>>>>
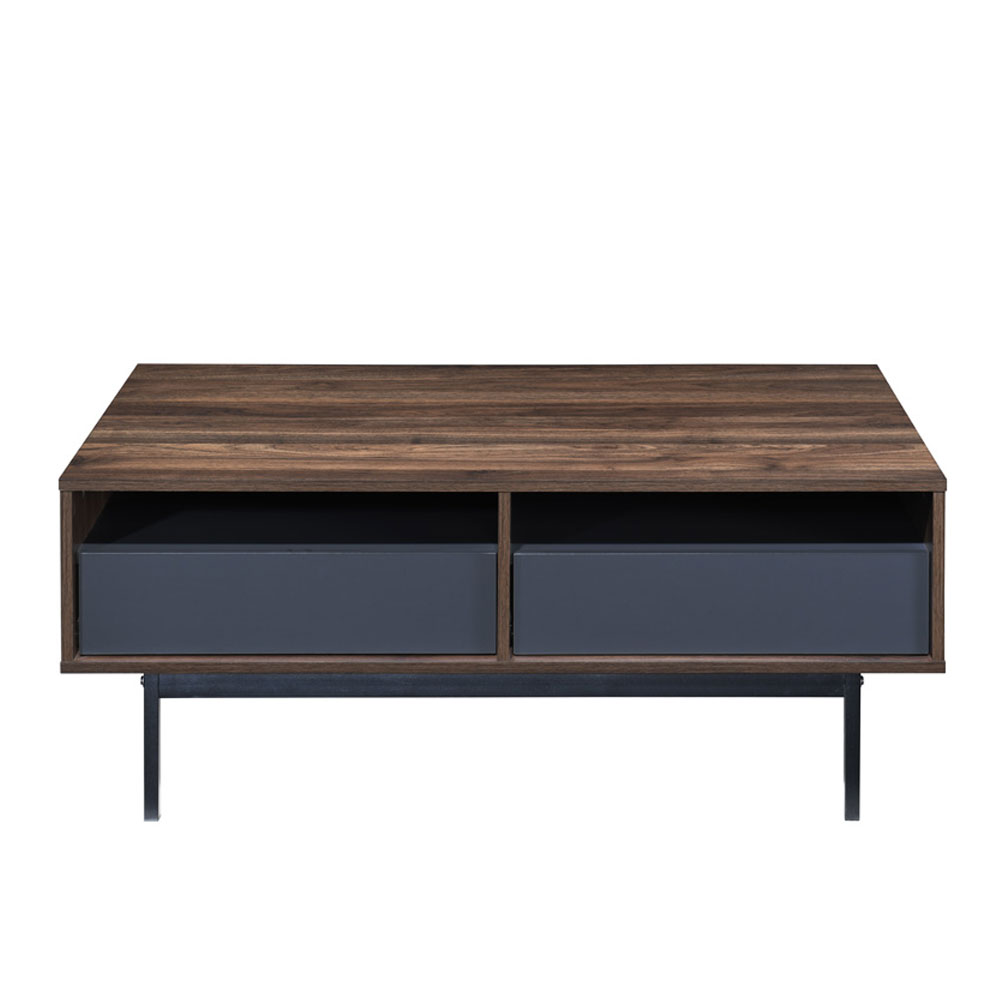GROOVES COFFEE TABLE 2ΣΥΡΤΑΡΙΑ ΚΑΡΥΔΙ ΓΚΡΙ 110x60x45 - Image 3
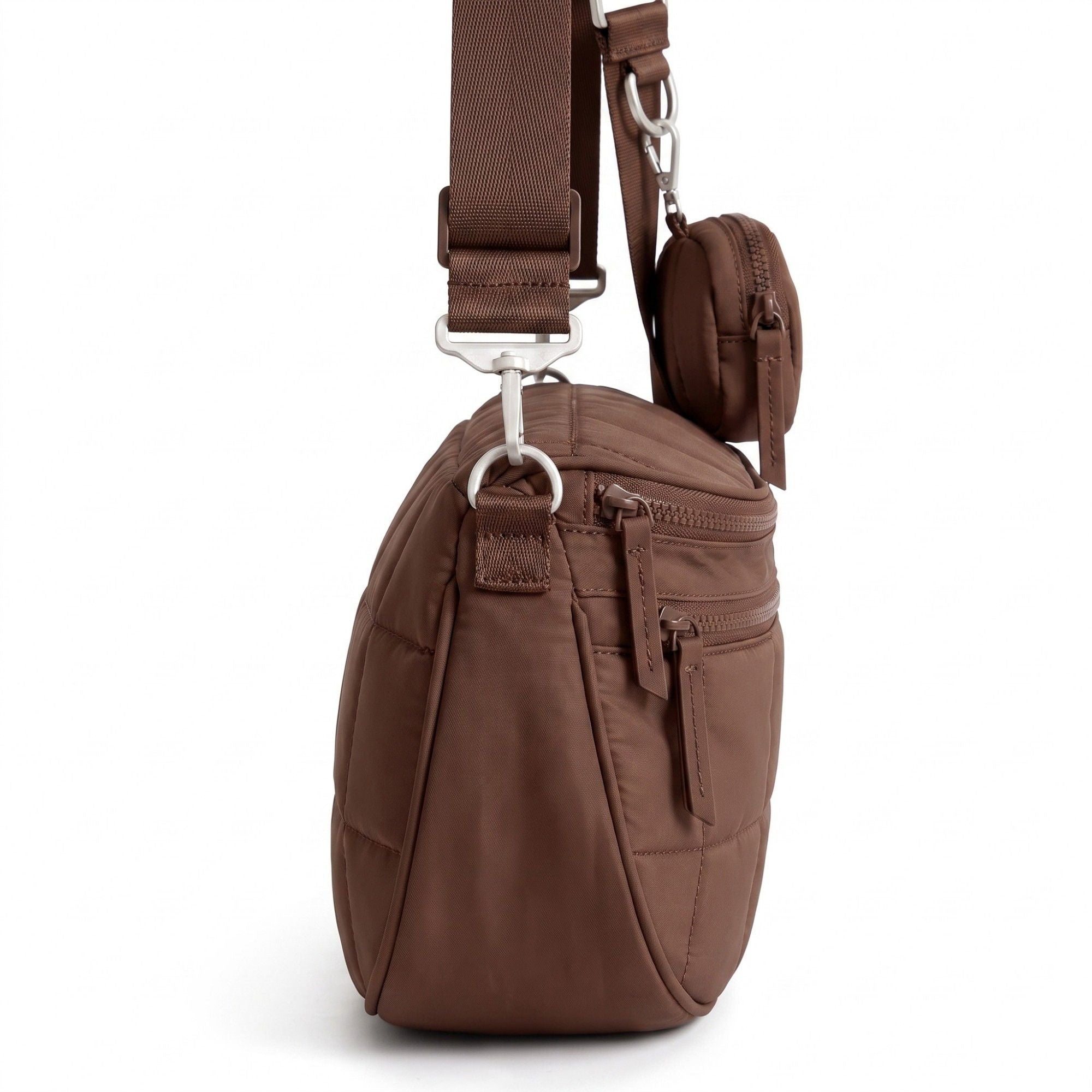 Grid Padded Saddle Crossbody Bag with Detachable Mini Pouch and Adjustable Wide Shoulder Strap 10.2x4.5x8.3in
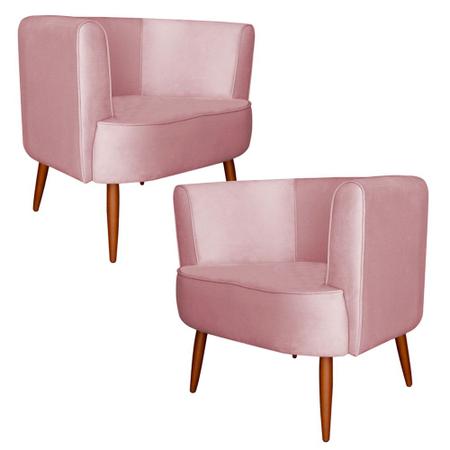 Imagem de Kit 2 Poltronas Decorativa Sala de Estar Megan Veludo Rosa - Montanaris Decor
<<<<
The material above should be printed again exactly, with each picture left out.

GROOVES COFFEE TABLE 2ΣΥΡΤΑΡΙΑ ΚΑΡΥΔΙ ΓΚΡΙ 110x60x45 - Image 3
 Grid Padded Saddle Crossbody Bag with Detachable Mini Pouch and Adjustable Wide Shoulder Strap 10.2x4.5x8.3in
 Imagem de Kit 2 Poltronas Decorativa Sala de Estar Megan Veludo Rosa - Montanaris Decor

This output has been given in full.